- **Task requirements**
Output each entry exactly; skip nothing.

*** Opening of Input records ***

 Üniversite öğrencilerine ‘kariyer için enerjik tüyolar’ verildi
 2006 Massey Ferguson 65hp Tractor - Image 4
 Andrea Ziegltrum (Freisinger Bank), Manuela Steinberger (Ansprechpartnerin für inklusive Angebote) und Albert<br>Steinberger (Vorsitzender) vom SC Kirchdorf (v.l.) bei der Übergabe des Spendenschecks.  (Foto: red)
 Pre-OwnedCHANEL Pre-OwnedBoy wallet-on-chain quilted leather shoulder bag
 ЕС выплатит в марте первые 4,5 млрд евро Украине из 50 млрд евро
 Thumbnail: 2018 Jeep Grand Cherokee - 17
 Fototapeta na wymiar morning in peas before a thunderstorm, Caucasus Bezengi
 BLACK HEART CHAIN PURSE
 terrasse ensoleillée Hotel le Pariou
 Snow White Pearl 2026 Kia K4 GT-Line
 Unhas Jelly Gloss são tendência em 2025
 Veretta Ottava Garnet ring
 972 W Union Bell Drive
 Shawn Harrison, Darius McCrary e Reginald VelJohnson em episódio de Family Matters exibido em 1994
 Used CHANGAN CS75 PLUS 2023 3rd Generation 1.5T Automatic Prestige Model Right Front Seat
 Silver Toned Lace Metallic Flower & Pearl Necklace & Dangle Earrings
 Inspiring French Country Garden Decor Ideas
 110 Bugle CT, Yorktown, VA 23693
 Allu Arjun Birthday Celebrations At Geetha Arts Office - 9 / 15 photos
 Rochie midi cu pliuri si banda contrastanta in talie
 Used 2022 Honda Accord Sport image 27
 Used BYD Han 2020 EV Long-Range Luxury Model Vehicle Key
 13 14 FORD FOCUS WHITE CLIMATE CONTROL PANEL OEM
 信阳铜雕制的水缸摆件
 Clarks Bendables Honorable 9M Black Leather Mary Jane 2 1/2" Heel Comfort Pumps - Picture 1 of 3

*** Close of Input records ***

- **Output of the task**
 Üniversite öğrencilerine ‘kariyer için enerjik tüyolar’ verildi
 2006 Massey Ferguson 65hp Tractor - Image 4
 Andrea Ziegltrum (Freisinger Bank), Manuela Steinberger (Ansprechpartnerin für inklusive Angebote) und Albert<br>Steinberger (Vorsitzender) vom SC Kirchdorf (v.l.) bei der Übergabe des Spendenschecks.  (Foto: red)
 Pre-OwnedCHANEL Pre-OwnedBoy wallet-on-chain quilted leather shoulder bag
 ЕС выплатит в марте первые 4,5 млрд евро Украине из 50 млрд евро
 Thumbnail: 2018 Jeep Grand Cherokee - 17
 Fototapeta na wymiar morning in peas before a thunderstorm, Caucasus Bezengi
 BLACK HEART CHAIN PURSE
 terrasse ensoleillée Hotel le Pariou
 Snow White Pearl 2026 Kia K4 GT-Line
 Unhas Jelly Gloss são tendência em 2025
 Veretta Ottava Garnet ring
 972 W Union Bell Drive
 Shawn Harrison, Darius McCrary e Reginald VelJohnson em episódio de Family Matters exibido em 1994
 Used CHANGAN CS75 PLUS 2023 3rd Generation 1.5T Automatic Prestige Model Right Front Seat
 Silver Toned Lace Metallic Flower & Pearl Necklace & Dangle Earrings
 Inspiring French Country Garden Decor Ideas
 110 Bugle CT, Yorktown, VA 23693
 Allu Arjun Birthday Celebrations At Geetha Arts Office - 9 / 15 photos
 Rochie midi cu pliuri si banda contrastanta in talie
 Used 2022 Honda Accord Sport image 27
 Used BYD Han 2020 EV Long-Range Luxury Model Vehicle Key
 13 14 FORD FOCUS WHITE CLIMATE CONTROL PANEL OEM
 信阳铜雕制的水缸摆件
 Clarks Bendables Honorable 9M Black Leather Mary Jane 2 1/2" Heel Comfort Pumps - Picture 1 of 3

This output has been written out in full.